Cuando era pequeña era tan devota que unas navidades me escapé de casa para ir a una iglesia a hacer compañía al niño Jesús, que tan solito se debía encontrar mientras todo el mundo comía turrones. Mis padres me riñeron, claro, pero les brillaban los ojos. Recuerdo aquel árbol de navidad de plástico cuyas ramas desplegábamos cada año dándoles la inclinación necesaria para que no se resbalaran los espumillones de colores hipnóticos pero suficiente para que pareciera un abeto. También recuerdo el río de papel de plata y los bosques de musgo que rodeaban el pesebre, con aquel ángel pendiendo en lo alto siempre a punto de precipitarse sobre los pastores más madrugadores.
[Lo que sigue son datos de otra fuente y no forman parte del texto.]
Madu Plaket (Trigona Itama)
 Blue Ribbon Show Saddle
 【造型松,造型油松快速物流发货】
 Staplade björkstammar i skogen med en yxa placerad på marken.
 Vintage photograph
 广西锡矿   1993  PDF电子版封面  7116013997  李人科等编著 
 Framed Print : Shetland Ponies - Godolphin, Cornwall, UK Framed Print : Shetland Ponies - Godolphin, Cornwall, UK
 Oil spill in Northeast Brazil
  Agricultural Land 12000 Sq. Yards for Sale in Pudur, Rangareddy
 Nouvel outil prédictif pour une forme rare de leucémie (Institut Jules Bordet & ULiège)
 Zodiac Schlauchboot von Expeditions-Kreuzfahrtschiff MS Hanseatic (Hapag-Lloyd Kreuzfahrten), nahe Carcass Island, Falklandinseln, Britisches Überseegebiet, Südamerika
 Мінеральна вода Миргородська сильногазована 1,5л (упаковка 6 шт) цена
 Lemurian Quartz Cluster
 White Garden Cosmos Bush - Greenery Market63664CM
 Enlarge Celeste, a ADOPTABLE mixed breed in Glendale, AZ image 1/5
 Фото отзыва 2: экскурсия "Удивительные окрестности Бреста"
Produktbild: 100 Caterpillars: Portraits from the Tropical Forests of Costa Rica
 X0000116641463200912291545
Los reyes se iban acercando un pasito de camello cada día. Yo aprendí a pintar al óleo y unas navidades pinté una casa muy remota en el medio de la nieve. Con el paso del tiempo, sin quererlo, dejé de entender algunas cosas de El Espíritu de la Navidad. Más adelante me nacieron cuatro niños, y los adoré con reverencia y fervor navideño. Regresaron los espumillones y ese escenario bíblico con cerditos de plástico y pastores de diferentes tamaños.
Ahora que han
pasado ya muchos reyes, nos hacemos regalos al azar, no hay ni un adorno en la
casa y los únicos rituales que celebramos son los del encuentro y la risa. Hoy
me he despertado preguntándome cómo podría felicitar las navidades con este lío
mental que tengo sobre el tema. Y he pensado en hacerlo deseándoos que
disfrutéis de todas vuestras epifanías con esta acuarela de mi amiga Pepa, que en
cada encuentro nos muestra cómo vivir, cómo nacer.